### THE TASK
Your answer should contain only the lines from the top of the data below down through the one with "Quarantine in China", transcribed exactly and without pictures; please include nothing more.

### RECORDS FOR THIS EXERCISE
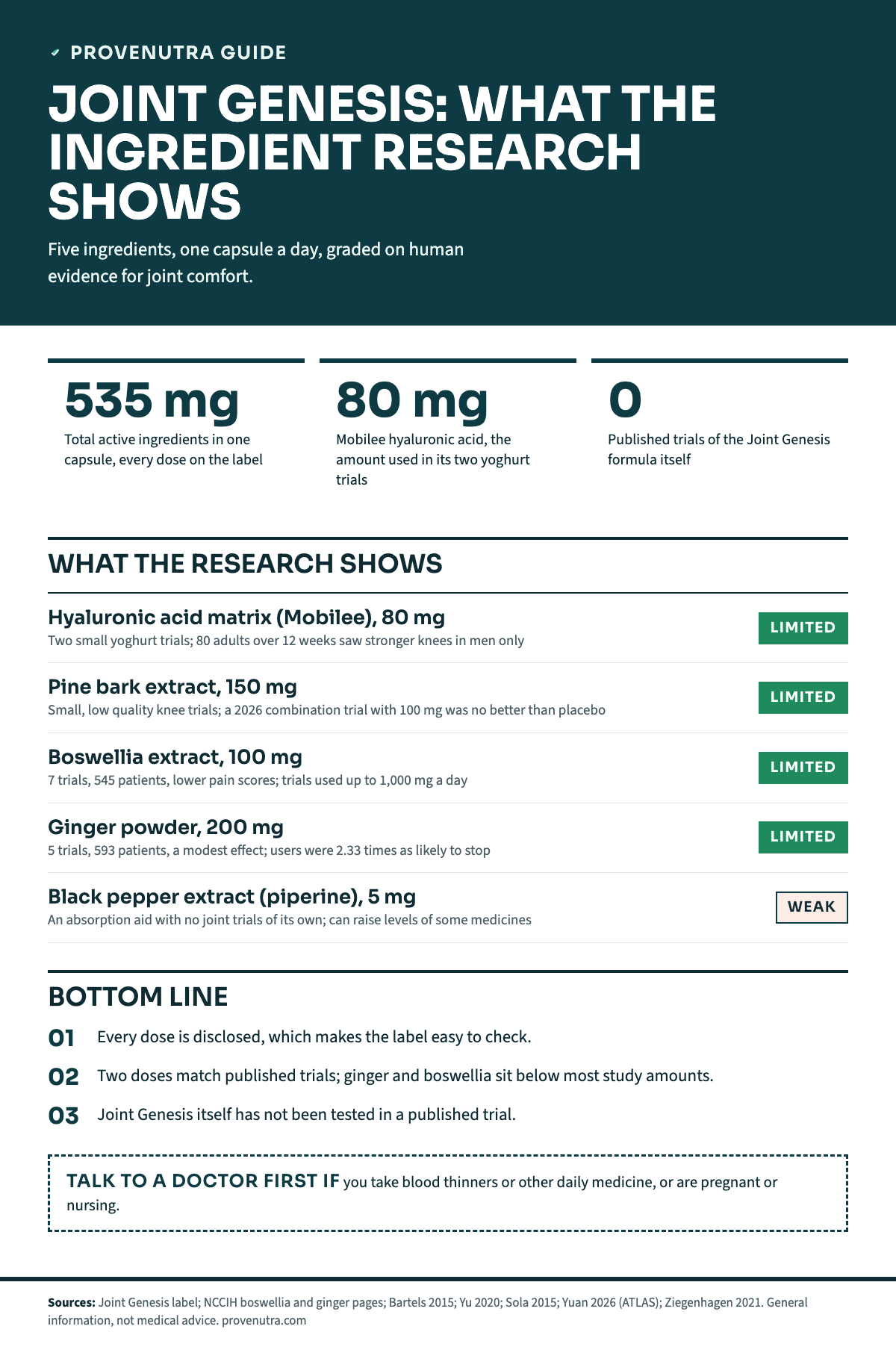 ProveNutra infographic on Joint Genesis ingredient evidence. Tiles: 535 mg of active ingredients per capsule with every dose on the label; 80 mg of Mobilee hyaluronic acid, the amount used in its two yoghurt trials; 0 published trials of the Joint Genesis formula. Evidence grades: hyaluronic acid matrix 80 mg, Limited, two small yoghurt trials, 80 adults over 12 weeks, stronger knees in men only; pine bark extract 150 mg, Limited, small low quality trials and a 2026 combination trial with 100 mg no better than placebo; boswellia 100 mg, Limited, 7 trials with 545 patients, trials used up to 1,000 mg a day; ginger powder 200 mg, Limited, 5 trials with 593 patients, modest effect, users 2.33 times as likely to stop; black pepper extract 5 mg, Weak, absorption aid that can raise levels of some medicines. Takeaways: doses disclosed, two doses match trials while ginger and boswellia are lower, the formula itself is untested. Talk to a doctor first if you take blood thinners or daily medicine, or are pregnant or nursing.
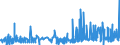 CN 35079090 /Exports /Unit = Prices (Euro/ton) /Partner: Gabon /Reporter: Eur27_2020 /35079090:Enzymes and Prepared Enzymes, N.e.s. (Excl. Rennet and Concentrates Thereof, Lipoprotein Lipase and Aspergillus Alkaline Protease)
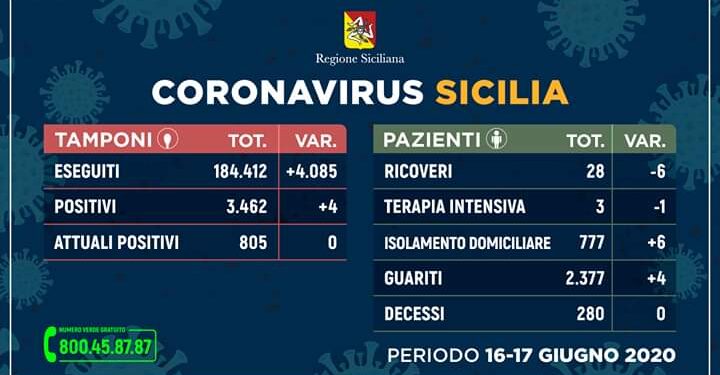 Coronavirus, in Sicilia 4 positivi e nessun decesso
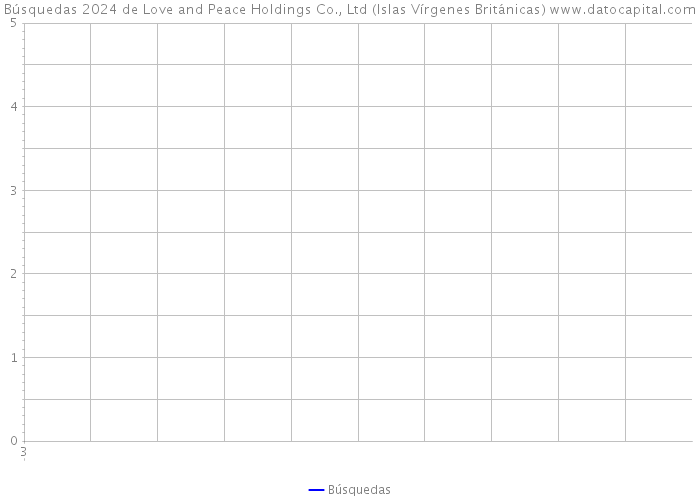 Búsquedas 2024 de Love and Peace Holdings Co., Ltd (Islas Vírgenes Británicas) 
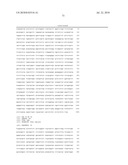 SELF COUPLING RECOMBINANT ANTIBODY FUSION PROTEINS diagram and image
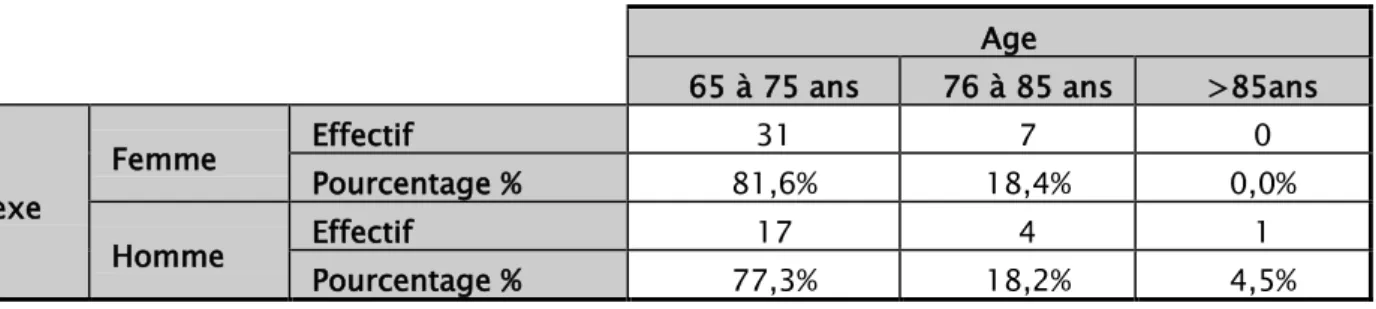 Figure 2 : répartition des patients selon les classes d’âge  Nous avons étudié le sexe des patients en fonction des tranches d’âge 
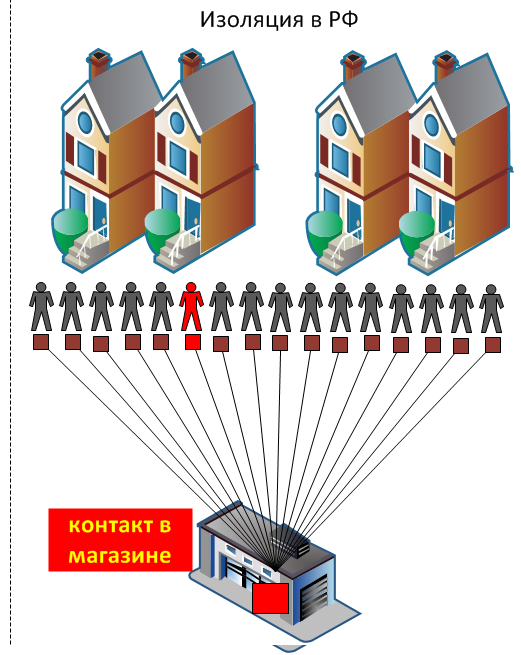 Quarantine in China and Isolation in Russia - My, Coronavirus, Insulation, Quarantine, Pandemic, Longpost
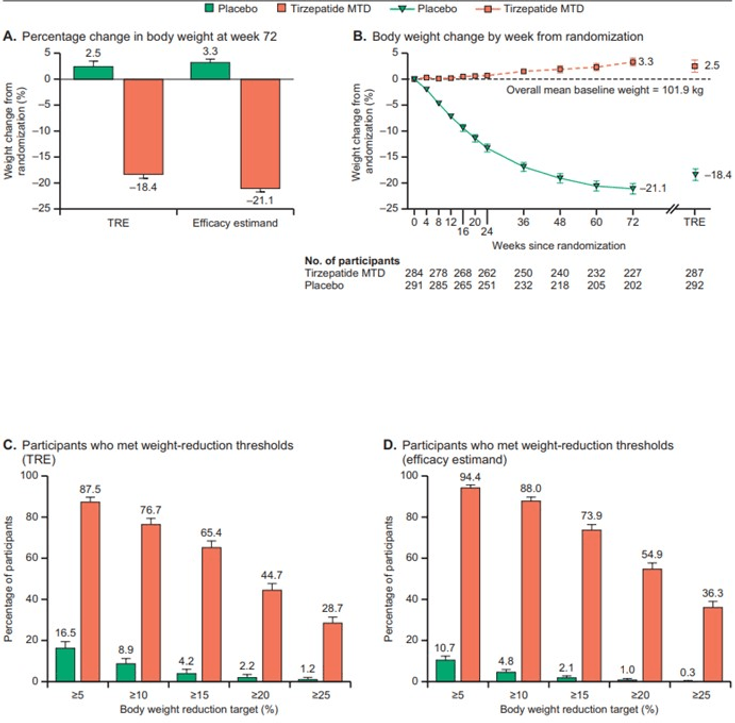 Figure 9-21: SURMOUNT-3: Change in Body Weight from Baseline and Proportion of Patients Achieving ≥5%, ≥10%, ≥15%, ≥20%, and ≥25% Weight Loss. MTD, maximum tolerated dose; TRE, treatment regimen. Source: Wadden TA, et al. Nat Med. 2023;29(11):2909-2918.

### PROBLEM SOLUTION
 ProveNutra infographic on Joint Genesis ingredient evidence. Tiles: 535 mg of active ingredients per capsule with every dose on the label; 80 mg of Mobilee hyaluronic acid, the amount used in its two yoghurt trials; 0 published trials of the Joint Genesis formula. Evidence grades: hyaluronic acid matrix 80 mg, Limited, two small yoghurt trials, 80 adults over 12 weeks, stronger knees in men only; pine bark extract 150 mg, Limited, small low quality trials and a 2026 combination trial with 100 mg no better than placebo; boswellia 100 mg, Limited, 7 trials with 545 patients, trials used up to 1,000 mg a day; ginger powder 200 mg, Limited, 5 trials with 593 patients, modest effect, users 2.33 times as likely to stop; black pepper extract 5 mg, Weak, absorption aid that can raise levels of some medicines. Takeaways: doses disclosed, two doses match trials while ginger and boswellia are lower, the formula itself is untested. Talk to a doctor first if you take blood thinners or daily medicine, or are pregnant or nursing.
 CN 35079090 /Exports /Unit = Prices (Euro/ton) /Partner: Gabon /Reporter: Eur27_2020 /35079090:Enzymes and Prepared Enzymes, N.e.s. (Excl. Rennet and Concentrates Thereof, Lipoprotein Lipase and Aspergillus Alkaline Protease)
 Coronavirus, in Sicilia 4 positivi e nessun decesso
 Búsquedas 2024 de Love and Peace Holdings Co., Ltd (Islas Vírgenes Británicas) 
 SELF COUPLING RECOMBINANT ANTIBODY FUSION PROTEINS diagram and image
 Figure 2 : répartition des patients selon les classes d’âge  Nous avons étudié le sexe des patients en fonction des tranches d’âge 
 Quarantine in China and Isolation in Russia - My, Coronavirus, Insulation, Quarantine, Pandemic, Longpost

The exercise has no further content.